Vor- und Nachteile der Demokratie in der Musik

Auch nach elf Stunden können sich die Berliner Philharmoniker nicht auf einen neuen Chefdirigenten einigen.
von  Robert Braunmüller

Für eine Konzertreise nach Warschau hatte der Dirigent Benjamin Bilse nur Fahrkarten der vierten Klasse besorgt. Das ärgerte die unterbezahlten Musiker seiner Kapelle. 54 von ihnen beschlossen, ihr eigenes Orchester zu gründen, das sie selbst verwalten wollten. Sie verpflichteten sich zum „gegenseitigen unverbrüchlichen Zusammenhalten“ und zur persönlichen Haftung.

Am 1. Mai 1882 wurde das neue Orchester gegründet, mit dem Anspruch, das beste der neuen Reichshauptstadt zu werden, das bald den Namen Berliner Philharmonisches Orchester führte. Am Montag wollten die 123 wahlberechtigten Musiker einen Nachfolger für den 2018 auf eigenen Wunsch ausscheidenden Simon Rattle wählen. Doch die elfstündige Marathonsitzung endete am späten Abend ohne Ergebnis.

Vielleicht wird erst in einem Jahr neu gewählt Die Philharmoniker sind das einzige Spitzenensemble, das selbstständig über seinen Chefdirigenten entscheidet. Und sie sind ziemlich stolz darauf. Das heißt aber nicht, dass andere Orchester nicht ebenfalls über ihre Chefs abstimmen würden.

Auch die Münchner Philharmoniker wählten Valery Gergiev in einer Orchesterversammlung zum Chefdirigenten. Das Symphonieorchester des Bayerischen Rundfunks hat sich kürzlich mit überwältigender Mehrheit für eine Vertragsverlängerung für Mariss Jansons um drei weitere Jahre bis 2021 ausgesprochen.

Allerdings, nach allem was man darüber weiß, nicht in einer Kampfabstimmung wie in Berlin, sondern in einer Friedenswahl: Bei diesen Orchestern hat man nie etwas von einem Gegenkandidaten vernommen. Management und Musikervertreter arbeiteten bei der Findung zusammen, die Letztentscheidung lag im zweiten Fall aber beim BR-Intendanten Ulrich Wilhelm und beim ersten im Rathaus: beim Münchner Stadtrat.

Das ist bei den Berliner Philharmonikern anders. Sie sind seit 2002 eine Stiftung öffentlichen Rechts. Im ersten Wahlgang konnte jeder Dirigent vorgeschlagen werden. Danach wurde ausgesiebt.

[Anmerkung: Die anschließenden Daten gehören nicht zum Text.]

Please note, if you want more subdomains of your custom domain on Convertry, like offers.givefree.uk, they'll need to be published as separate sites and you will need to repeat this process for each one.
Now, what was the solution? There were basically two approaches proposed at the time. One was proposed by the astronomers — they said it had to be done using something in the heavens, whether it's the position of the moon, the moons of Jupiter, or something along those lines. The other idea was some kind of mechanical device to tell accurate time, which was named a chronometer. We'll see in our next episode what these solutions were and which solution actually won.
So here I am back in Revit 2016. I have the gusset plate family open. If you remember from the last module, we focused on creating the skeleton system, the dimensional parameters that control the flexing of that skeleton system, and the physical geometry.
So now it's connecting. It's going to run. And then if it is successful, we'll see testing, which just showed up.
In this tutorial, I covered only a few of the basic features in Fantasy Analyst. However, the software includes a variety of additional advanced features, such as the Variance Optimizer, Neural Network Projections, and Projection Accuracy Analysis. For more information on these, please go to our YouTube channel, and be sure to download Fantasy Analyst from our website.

Trotz mehrerer Wahlgänge habe man sich auf keinen neuen künstlerischen Leiter einigen können, sagte der Orchestervorstand und Kontrabassist Peter Riegelbauer am Montag.

Was bei der Beratung in der Berliner Jesus-Christus-Kirche genau geschah, wissen nur die Musiker. Dass ein Dirigent abgesagt habe, wird bestritten. Wahrscheinlich hat kein Kandidat die ominöse „deutliche Mehrheit“ erreicht. Und so kam es zu einem Patt – möglicherweise wegen einer hohen Zahl an Enthaltungen.

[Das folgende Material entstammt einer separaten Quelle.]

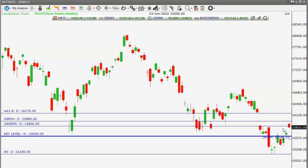If you look at today's trading, out of 50 stocks in Nifty, 40 closed positive and 10 stocks closed negative. Overall bias is positive, so any dip is a buying opportunity targeting levels of 16,000 and 16,150 for Nifty.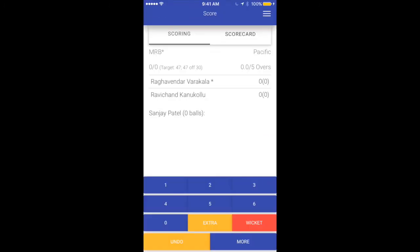We're back to the scoring screen, but now Mountain Region is on strike — shown by the asterisk. It shows zero runs scored and the target is 47 off 30 deliveries. All these details are available on screen for the second inning. The number pad will allow us to score ball by ball. However, what if a team player was scoring while their team was batting and now the inning is up and they need to go on the field?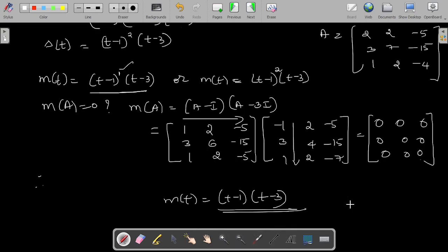This is how we find the minimal polynomial and characteristic polynomial of a given matrix. I hope you understood. Thank you for watching.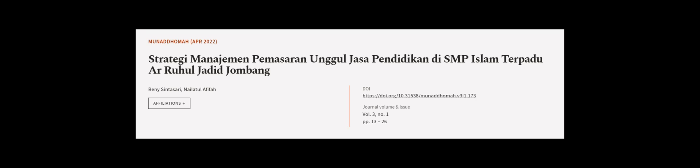This article was authored by Benny Sintasari and Naila Dala Fifa. We are article.tv, links in the description below.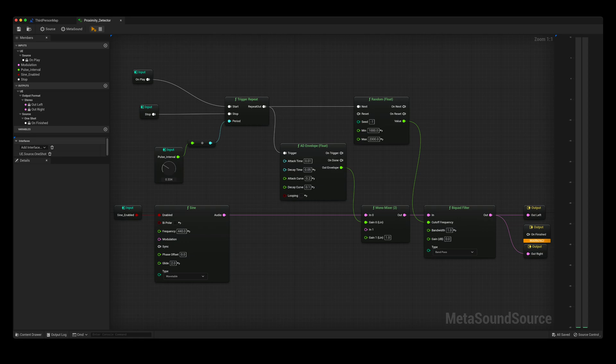Today I am going to demonstrate how I created a proximity detective system inside of Unreal Engine 5. In this system, the player's distance to another actor is measured. Once the distance between the two passes a particular threshold, my MetaSound will be triggered, repeatedly playing a pulse slash beep sound.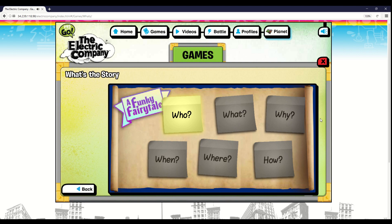Start by clicking on who to choose the person in your story. Click on the yellow note to choose who your story is about.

Im Gespräch für die künstlerische Leitung waren unter anderem Andris Nelsons, Chef des Boston Symphony Orchestra, Christian Thielemann, Leiter der Staatskapelle Dresden, und Daniel Barenboim, Generalmusikdirektor der Berliner Staatsoper. Jeder steht für eine andere künstlerische Ausrichtung. In dieser Frage scheinen die Musiker tief uneins und zerstritten.

Ob die genannten Dirigenten tatsächlich zur Wahl standen, weiß niemand gewiss. Wie geht es nun weiter? Nach der geplatzten Wahl wollen die Berliner wieder auf Kandidatensuche gehen. Das Orchester werde sich dafür die nötige Zeit nehmen, so Riegelbauer. „Das kann auch ein Jahr dauern.“ Bis dahin wolle das Orchester über die Namen und die künftige künstlerische Ausrichtung intern beraten.